Member of the Ghana Parliament for Ejura-Sekyedumase Constituency
- In office 7 January 2013 – 6 January 2017

Personal details
- Born: September 17, 1975 (age 50)
- Party: New Patriotic Party
- Alma mater: University of Ghana

= Mohammed Salisu Bamba =

Ghanaian politician

Mohammed Salisu Bamba (born September 17, 1975) is a Ghanaian politician and member of the Sixth Parliament of the Fourth Republic of Ghana representing the Ejura-Sekyedumase Constituency in the Ashanti Region on the ticket of the New Patriotic Party.

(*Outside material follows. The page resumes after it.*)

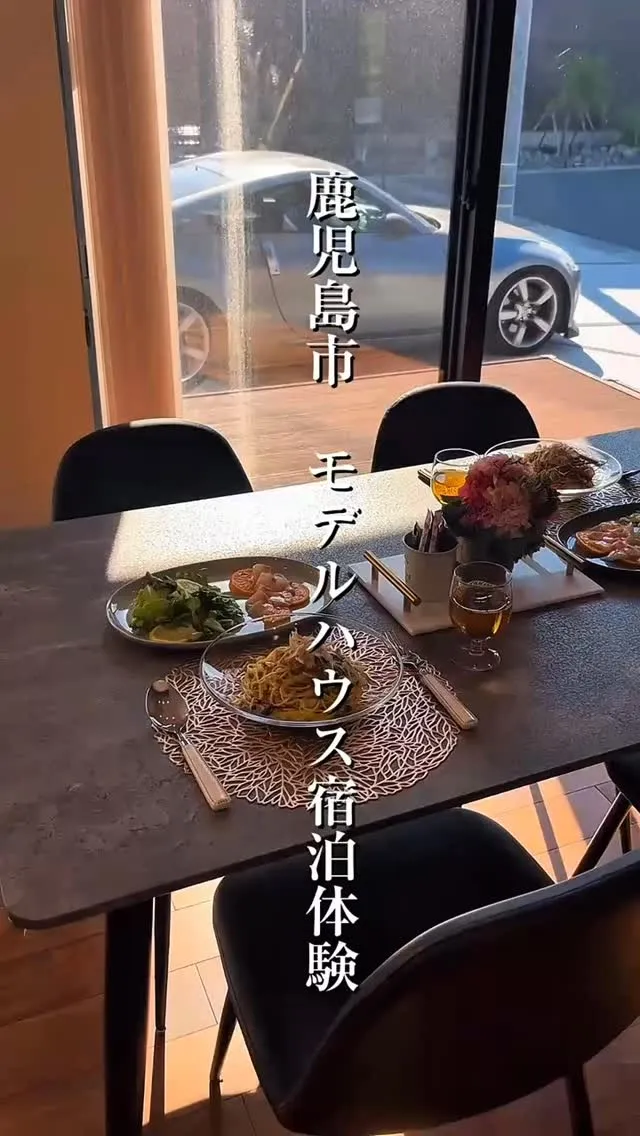 「ここで家族と暮らす未来が見えた」✨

== Early life and education ==
Bamba was born on September 17, 1975. He hails from Yendi, a town in the Northern Region of Ghana. He attended the University of Ghana and obtained his Bachelor of Arts degree in psychology. He is a Muslim and is married with four children.

== Politics ==
Bamba is a member of the New Patriotic Party (NPP). In 2012, he contested for the Ejura-Sekyedumase seat on the ticket of the NPP in the 2012 Ghanaian general elections and won. During the elections, he garnered 21,461 votes which represents 49.78% of the total valid votes cast and hence defeated the other contestants. However, in 2016, he contested for the seat again and lost in the 2016 Ghanaian general elections, and as a result, he could represent his constituency for the second time.